In 1999, Tony Blair made a speech commemorating William Beveridge, the founder of the post-war welfare state in which he said "Our historic aim will be for ours to be the first generation to end child poverty." It became one of the flagship pledges of the Blair Government, and has come to dominate British social policy in recent years.
The Child Poverty Bill making its way through Parliament is laudable in its aims but the poverty targets it will make legally binding are badly flawed. The targets focus solely on income and define poverty in relative terms. As a result the Bill is actually about tackling inequality, which is not the same thing at all. Having less than other people does not by definition make you poor. And indeed, the perverse aspect of one of the targets – a reduction in the number of children living in households below 60 per cent of the median income – is that a recession will even appear to reduce child poverty, as the median income falls whilst the incomes of those on benefits do not.
The tragedy is that we do have a fair understanding of factors which do contribute to child poverty: living in a jobless household, low educational attainment and truancy, family breakdown, teenage smoking and obesity, to name but a few. Instead of drawing an arbitrary poverty line and fiddling with income distribution around it, we would do far better to address these root causes. In the long term, if we are serious about tackling poverty, we need to ask ourselves where the money can be best spent. Should we spend a pound increasing benefits or a pound improving education for the poorest for instance?

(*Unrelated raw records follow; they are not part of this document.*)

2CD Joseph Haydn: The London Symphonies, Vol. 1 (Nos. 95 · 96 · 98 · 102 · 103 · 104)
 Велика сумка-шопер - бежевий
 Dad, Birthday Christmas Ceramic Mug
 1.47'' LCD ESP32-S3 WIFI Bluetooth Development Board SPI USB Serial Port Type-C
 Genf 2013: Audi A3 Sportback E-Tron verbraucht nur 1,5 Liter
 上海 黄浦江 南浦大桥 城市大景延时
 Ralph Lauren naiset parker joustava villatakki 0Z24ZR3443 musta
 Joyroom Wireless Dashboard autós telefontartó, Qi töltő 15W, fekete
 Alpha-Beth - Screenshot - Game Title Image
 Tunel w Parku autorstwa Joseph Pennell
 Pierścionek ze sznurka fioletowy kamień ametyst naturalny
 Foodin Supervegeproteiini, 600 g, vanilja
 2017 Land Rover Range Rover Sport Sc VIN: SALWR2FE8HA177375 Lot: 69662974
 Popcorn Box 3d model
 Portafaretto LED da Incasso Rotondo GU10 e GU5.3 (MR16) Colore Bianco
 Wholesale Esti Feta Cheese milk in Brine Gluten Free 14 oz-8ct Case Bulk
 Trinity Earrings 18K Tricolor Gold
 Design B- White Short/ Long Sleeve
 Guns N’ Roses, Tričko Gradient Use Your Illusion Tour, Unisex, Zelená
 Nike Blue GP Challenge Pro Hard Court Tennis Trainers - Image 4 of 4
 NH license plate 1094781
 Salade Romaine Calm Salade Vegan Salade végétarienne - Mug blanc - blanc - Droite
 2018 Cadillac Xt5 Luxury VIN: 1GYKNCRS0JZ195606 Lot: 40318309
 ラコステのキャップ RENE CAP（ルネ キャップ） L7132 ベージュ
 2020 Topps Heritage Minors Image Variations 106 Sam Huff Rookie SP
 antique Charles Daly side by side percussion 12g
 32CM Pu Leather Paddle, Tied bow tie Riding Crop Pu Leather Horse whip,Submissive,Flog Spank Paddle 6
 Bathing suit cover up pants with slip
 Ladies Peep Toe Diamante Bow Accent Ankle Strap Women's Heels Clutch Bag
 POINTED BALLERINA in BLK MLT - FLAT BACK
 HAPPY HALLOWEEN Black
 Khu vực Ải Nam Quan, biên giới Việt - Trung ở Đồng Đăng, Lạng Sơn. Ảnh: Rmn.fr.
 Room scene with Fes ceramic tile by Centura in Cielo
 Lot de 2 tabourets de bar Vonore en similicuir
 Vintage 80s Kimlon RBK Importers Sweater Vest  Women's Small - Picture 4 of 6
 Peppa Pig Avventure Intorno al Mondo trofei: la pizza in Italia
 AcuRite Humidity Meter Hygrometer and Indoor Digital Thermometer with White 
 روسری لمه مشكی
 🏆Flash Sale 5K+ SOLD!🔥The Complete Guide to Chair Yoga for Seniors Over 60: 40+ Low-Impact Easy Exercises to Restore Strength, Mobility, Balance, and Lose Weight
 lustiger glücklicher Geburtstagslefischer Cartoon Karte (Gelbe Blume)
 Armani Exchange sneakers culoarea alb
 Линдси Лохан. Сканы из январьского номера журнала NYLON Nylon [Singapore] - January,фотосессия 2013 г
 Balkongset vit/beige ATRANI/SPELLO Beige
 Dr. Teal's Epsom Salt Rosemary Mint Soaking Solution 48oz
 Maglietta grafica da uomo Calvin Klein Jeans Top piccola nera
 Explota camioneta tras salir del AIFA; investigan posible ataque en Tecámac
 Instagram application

The Child Poverty Bill is built on skewed targets which could end up enshrined in law and be legally binding on all future governments, meaning repeated missed opportunities to really help children locked in the poverty trap. For this reason the Bill should be withdrawn. Instead, the Government should vigorously target the causes of poverty directly and focus on child wellbeing. Such an approach would have a far more tangible impact on underprivileged children, one that simply moves youngsters just over an over an arbitrary income line.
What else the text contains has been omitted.